_Task to complete_
Exercise in exact copying: restate word for word only the lines below from the one containing "fe653e7d 95ea 455f 9d9d ed4701054459.png" through the one containing "12303 Dellrey Dr, Austin, TX", omitting any pictures.

_Data shown_
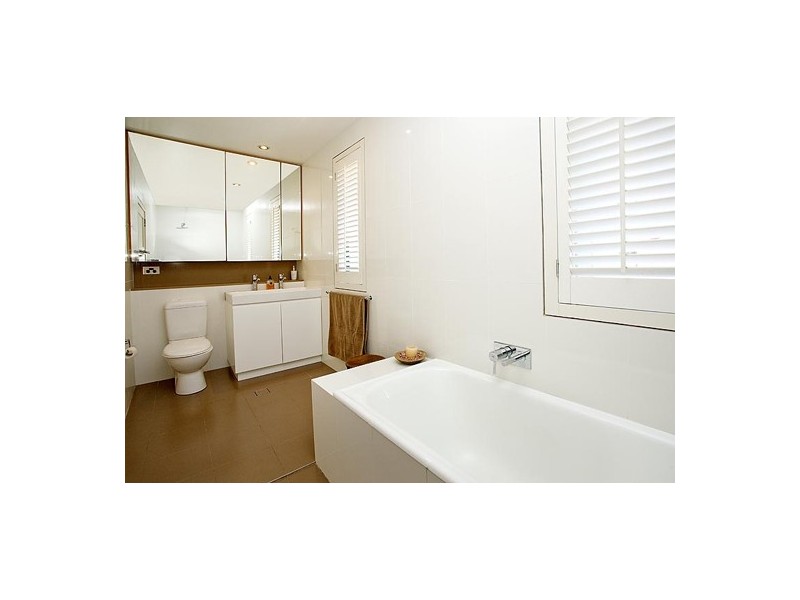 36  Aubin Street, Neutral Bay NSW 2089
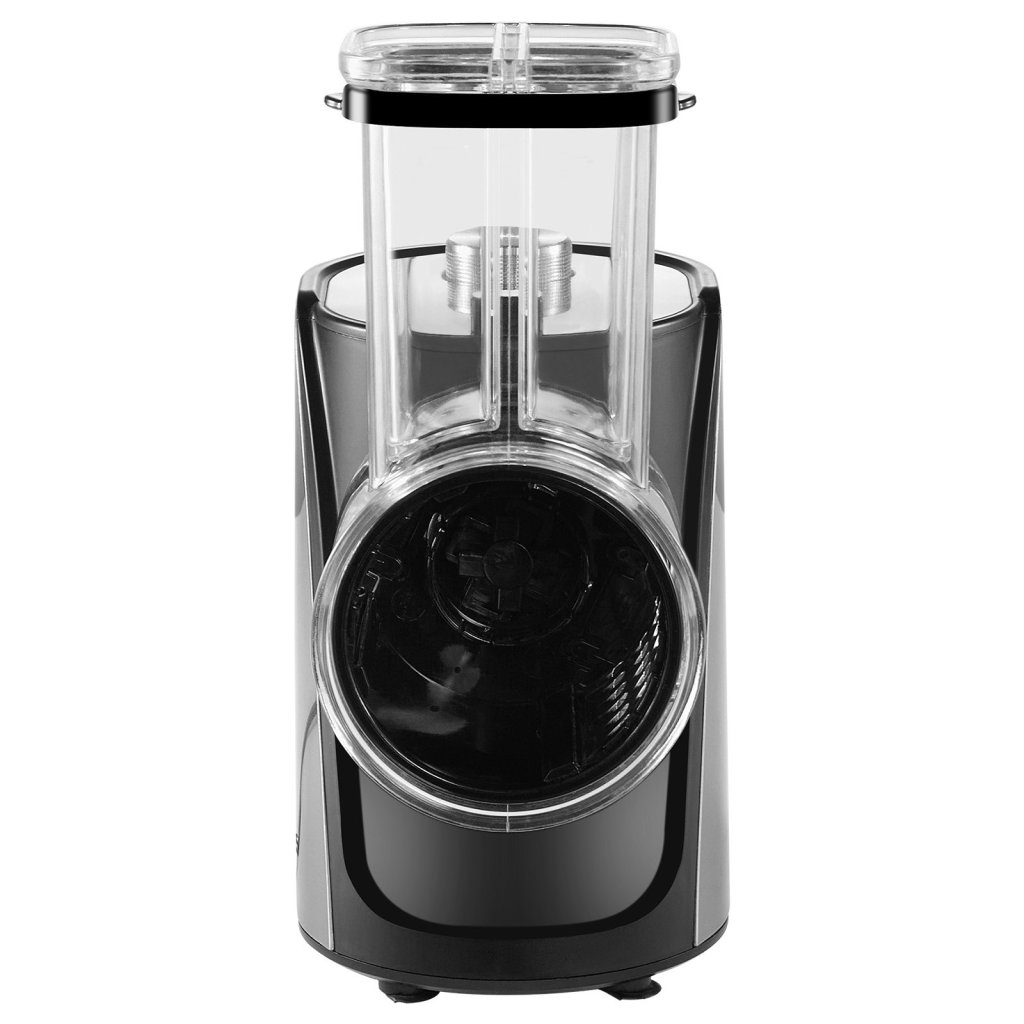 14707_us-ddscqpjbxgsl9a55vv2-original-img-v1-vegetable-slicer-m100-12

* * *

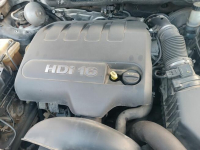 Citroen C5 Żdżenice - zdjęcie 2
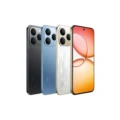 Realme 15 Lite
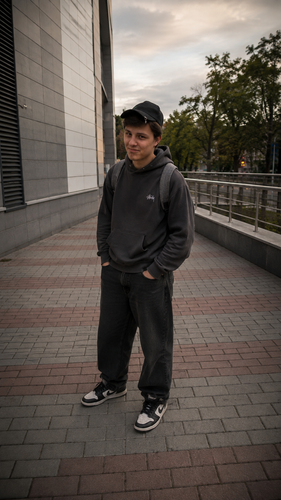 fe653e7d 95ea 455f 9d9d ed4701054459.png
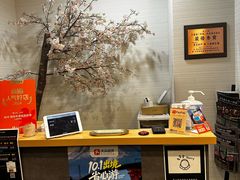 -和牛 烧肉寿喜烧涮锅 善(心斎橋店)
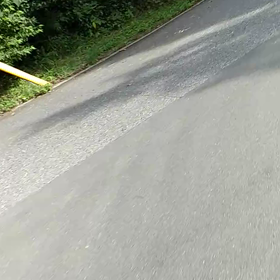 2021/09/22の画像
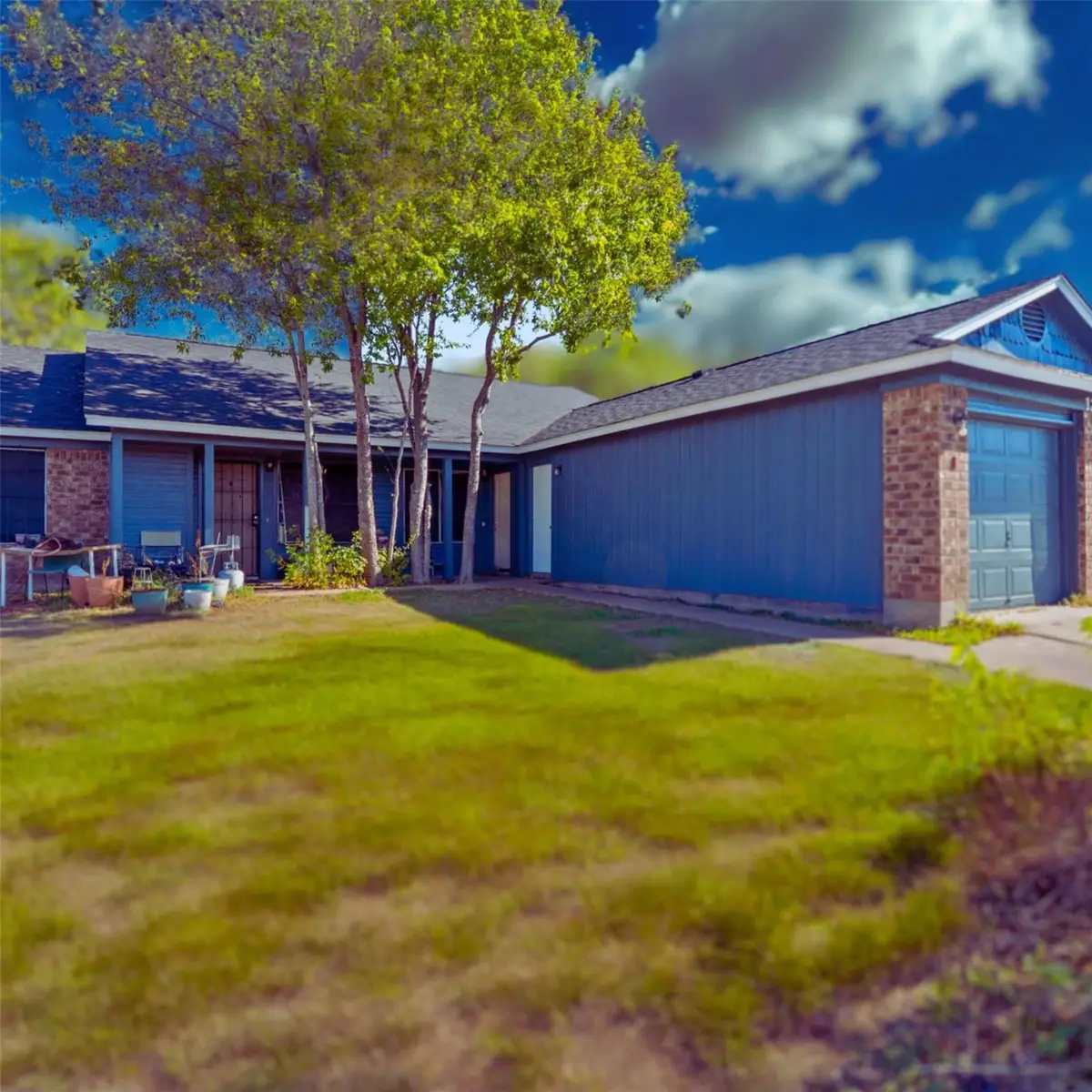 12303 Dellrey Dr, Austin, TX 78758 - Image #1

_Response to this exercise_
 fe653e7d 95ea 455f 9d9d ed4701054459.png
 -和牛 烧肉寿喜烧涮锅 善(心斎橋店)
 2021/09/22の画像
 12303 Dellrey Dr, Austin, TX 78758 - Image #1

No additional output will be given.